- What to do: What you return should be the lines from the one with "ZARA Black and‎" through the one with "Kendall Jenner nude" in the data below, reproduced exactly with both ends, and no pictures at all.

- Input material:

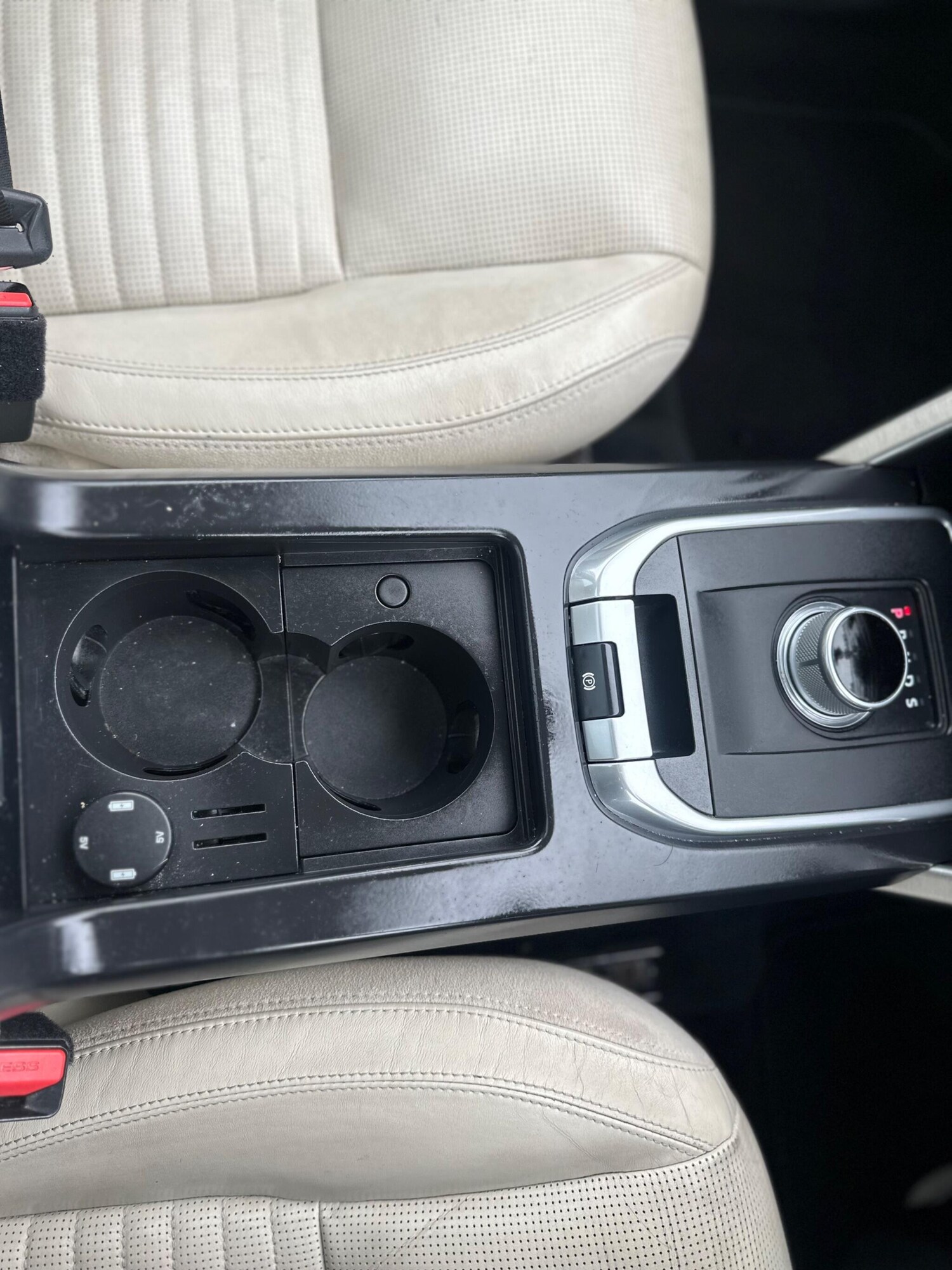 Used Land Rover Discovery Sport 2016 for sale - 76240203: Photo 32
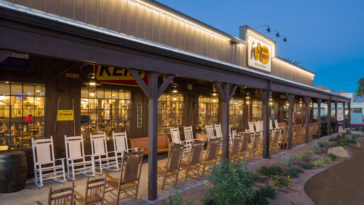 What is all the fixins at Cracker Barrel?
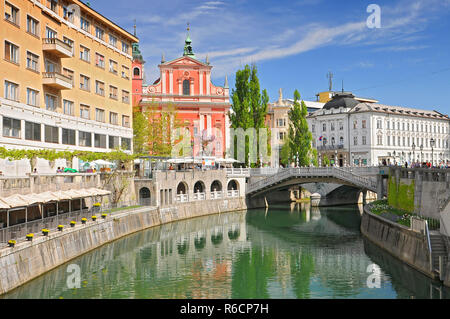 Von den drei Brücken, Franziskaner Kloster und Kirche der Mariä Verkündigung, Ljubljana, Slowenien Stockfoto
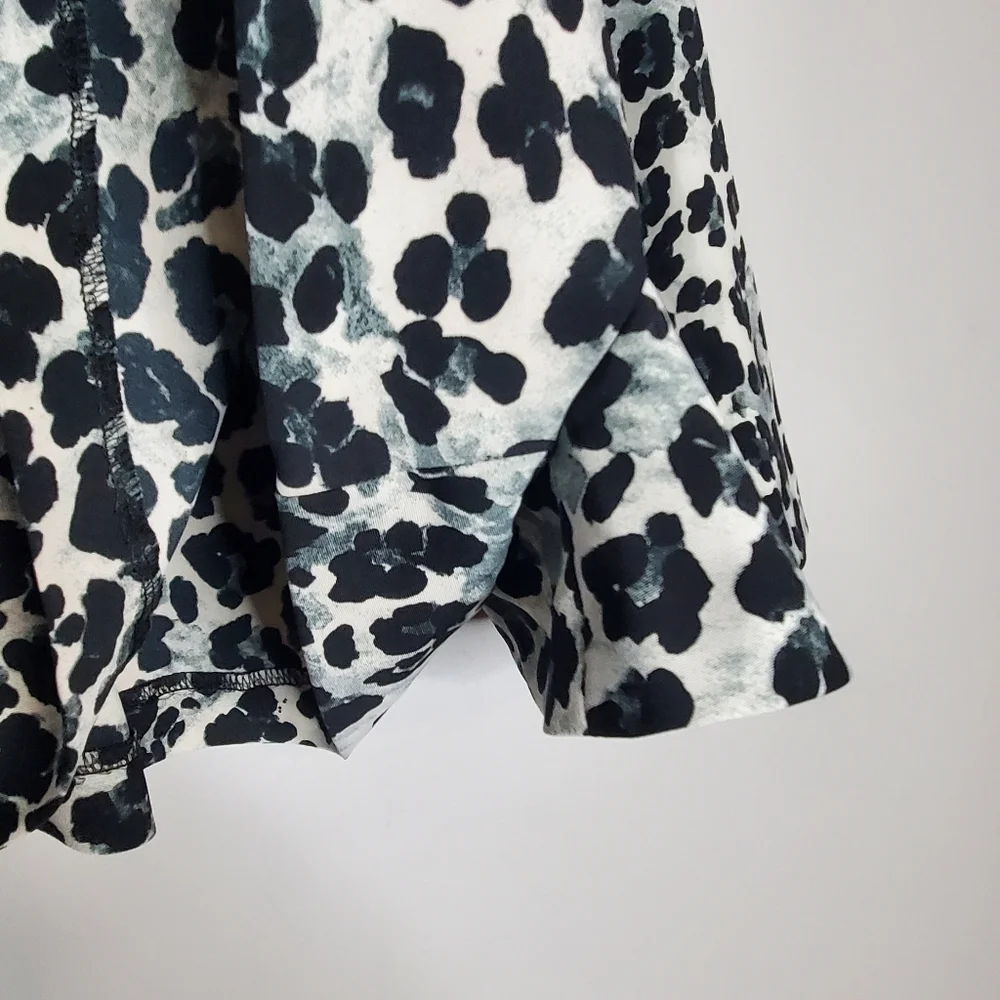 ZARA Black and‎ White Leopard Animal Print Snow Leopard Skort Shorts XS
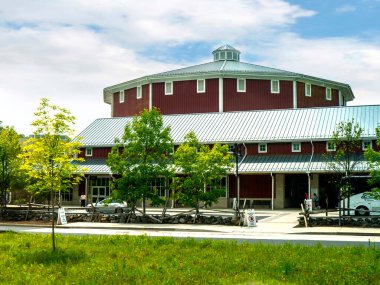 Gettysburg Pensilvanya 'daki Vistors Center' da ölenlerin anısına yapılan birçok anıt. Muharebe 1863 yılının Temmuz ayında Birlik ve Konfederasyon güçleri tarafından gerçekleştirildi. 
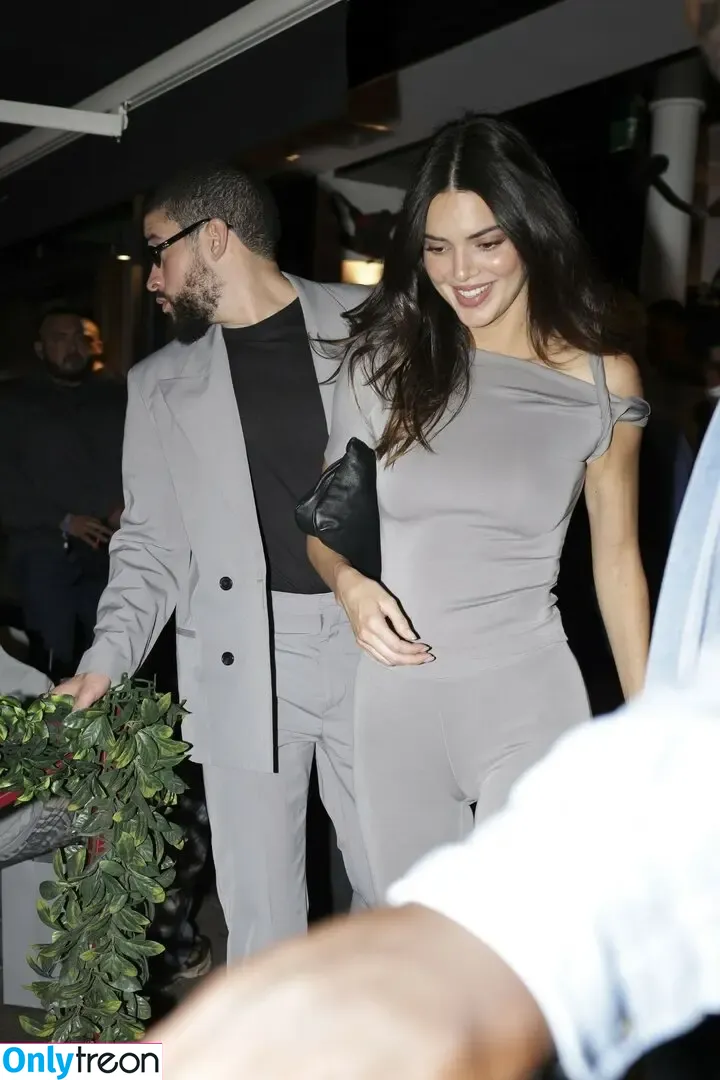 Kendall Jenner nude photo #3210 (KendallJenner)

==

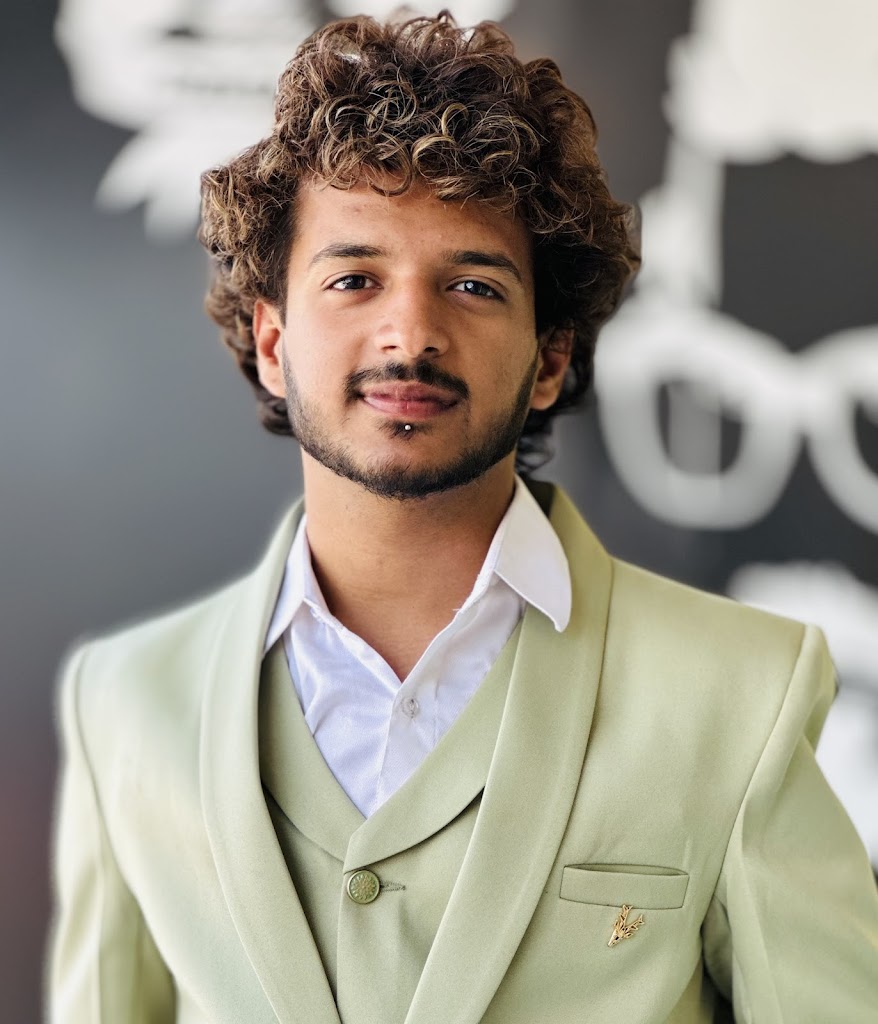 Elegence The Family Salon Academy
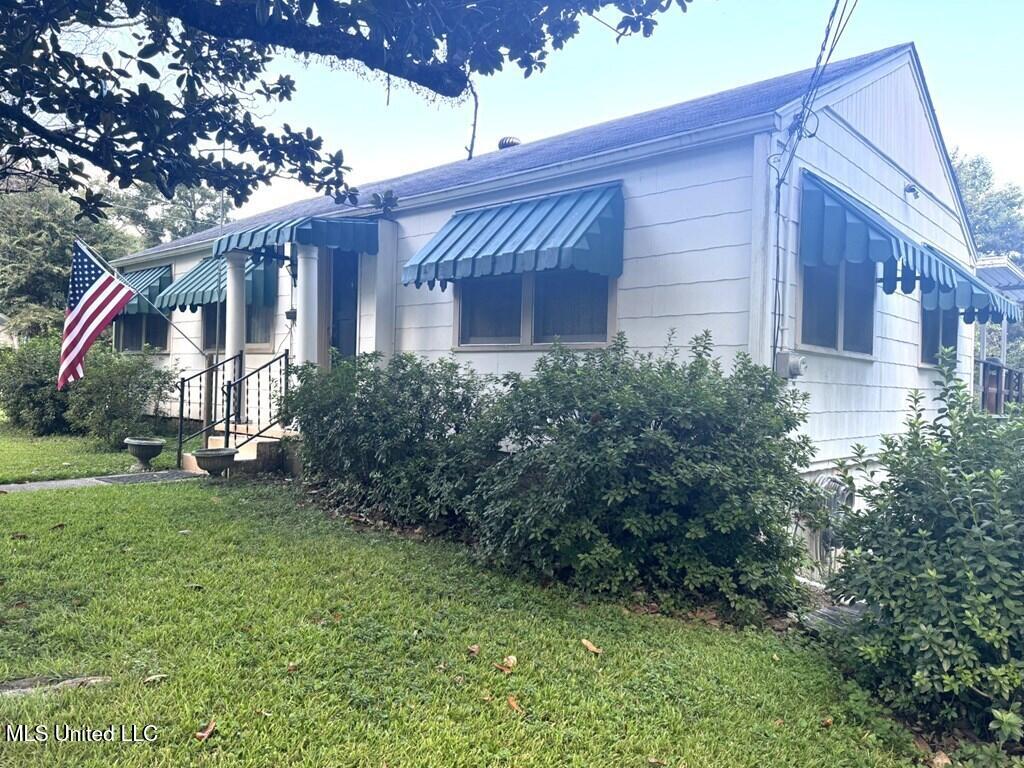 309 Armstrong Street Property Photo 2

- Answer:
 ZARA Black and‎ White Leopard Animal Print Snow Leopard Skort Shorts XS
 Gettysburg Pensilvanya 'daki Vistors Center' da ölenlerin anısına yapılan birçok anıt. Muharebe 1863 yılının Temmuz ayında Birlik ve Konfederasyon güçleri tarafından gerçekleştirildi. 
 Kendall Jenner nude photo #3210 (KendallJenner)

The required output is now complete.